§ TASK ITEM: Return the listing below unchanged, minus its pictures.

§ DATA SEGMENT:
.....

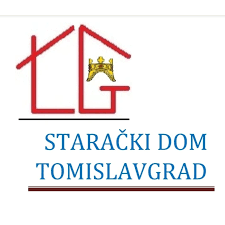 JU Starački dom Tomislavgrad - Javni natječaj za zasnivanje radnog odnosa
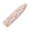 Rabbit and Carrots, variant on HELLHERO Lemons Tabletop Ironing Board Cover 3 Fasteners with Hook and Loop Replacement Accessories for Women Girls Gifts(Not Suitable for Bleaching)
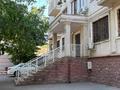 1-бөлмелі пәтер · 30 м² · 5/6 қабат, ТИМИРЯЗЕВА 50/1 — ЖАРОКОВА, бағасы: 350 000 ₸ в Алматы, Бостандыкский р-н — фото 22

.....

§ ANSWER FOR THIS EXERCISE:
 JU Starački dom Tomislavgrad - Javni natječaj za zasnivanje radnog odnosa
 Rabbit and Carrots, variant on HELLHERO Lemons Tabletop Ironing Board Cover 3 Fasteners with Hook and Loop Replacement Accessories for Women Girls Gifts(Not Suitable for Bleaching)
 1-бөлмелі пәтер · 30 м² · 5/6 қабат, ТИМИРЯЗЕВА 50/1 — ЖАРОКОВА, бағасы: 350 000 ₸ в Алматы, Бостандыкский р-н — фото 22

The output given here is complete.